== INFORMATION SHOWN ==

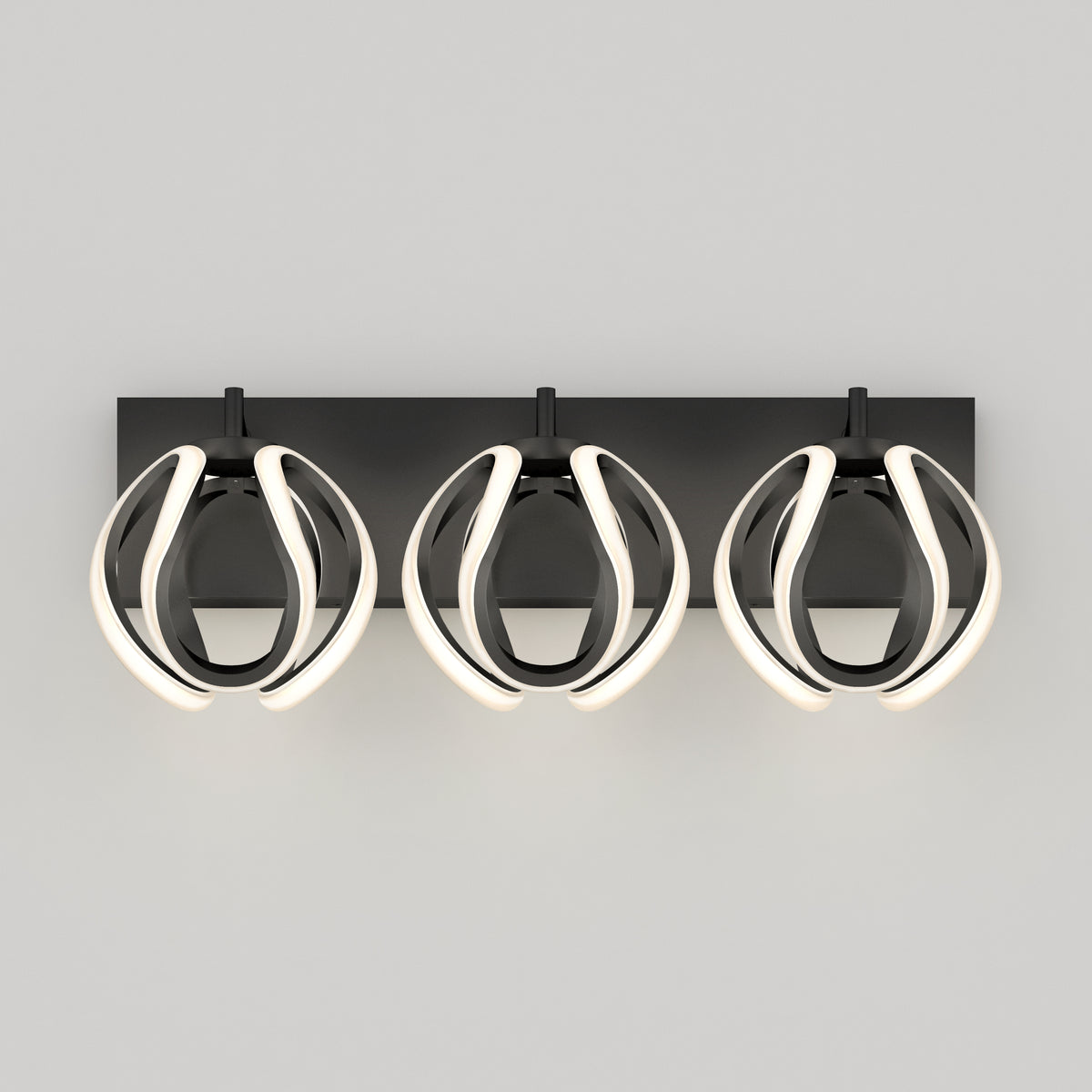 A modern wall sconce with three oval-shaped, black light fixtures each framed by curved, glowing white LED strips, mounted on a rectangular black base against a plain gray background.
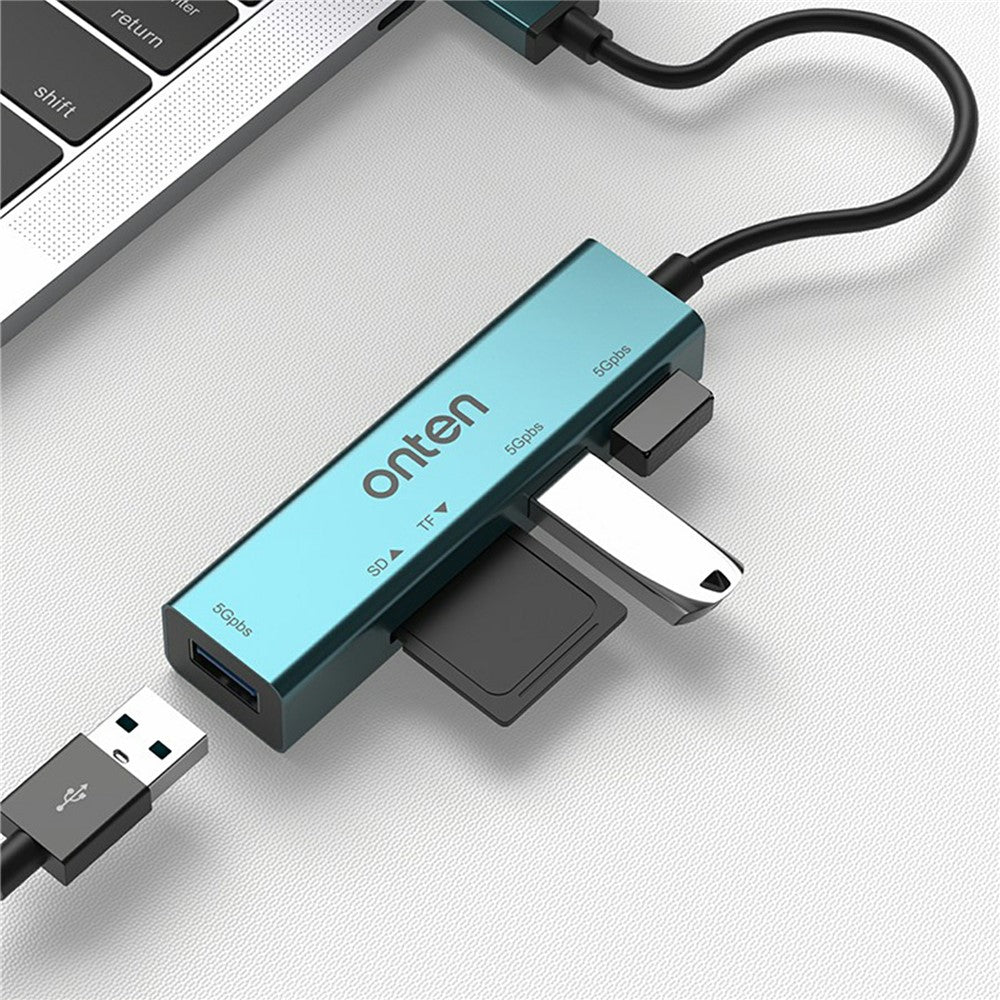ONTEN 5223 5 in 1 USB 3.0 Hub Expansion Dock 3xUSB3.0 TF SD Card Reader Adapter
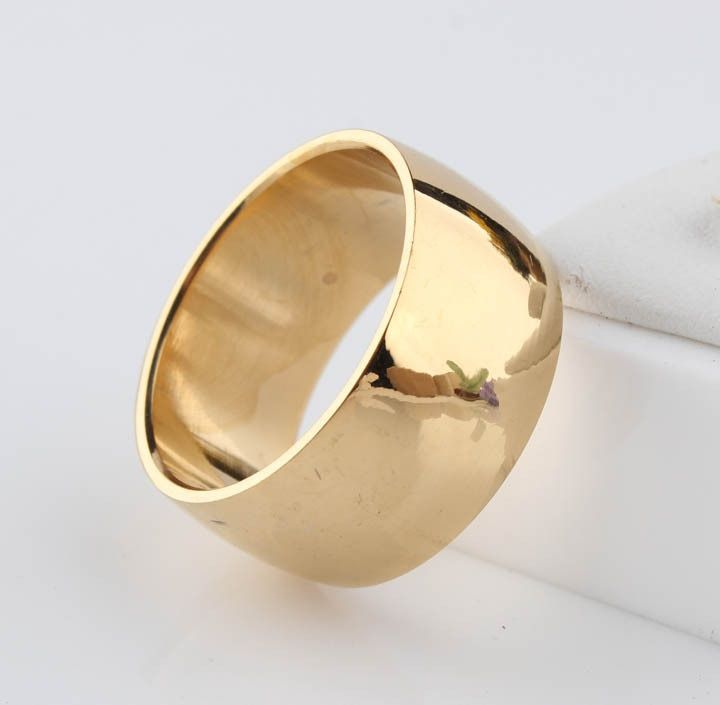 12mm No fading 24k Classic Engage Wedding rings 1.2CM Yellow Gold Ring filled 316L Titanium steel rings for men and women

===

**DIRECTIONS FOR THIS TASK:** If the data includes images, omit them, and set down everything else exactly as above.

**RESULT FOR THIS EXERCISE:**
 A modern wall sconce with three oval-shaped, black light fixtures each framed by curved, glowing white LED strips, mounted on a rectangular black base against a plain gray background.
ONTEN 5223 5 in 1 USB 3.0 Hub Expansion Dock 3xUSB3.0 TF SD Card Reader Adapter
 12mm No fading 24k Classic Engage Wedding rings 1.2CM Yellow Gold Ring filled 316L Titanium steel rings for men and women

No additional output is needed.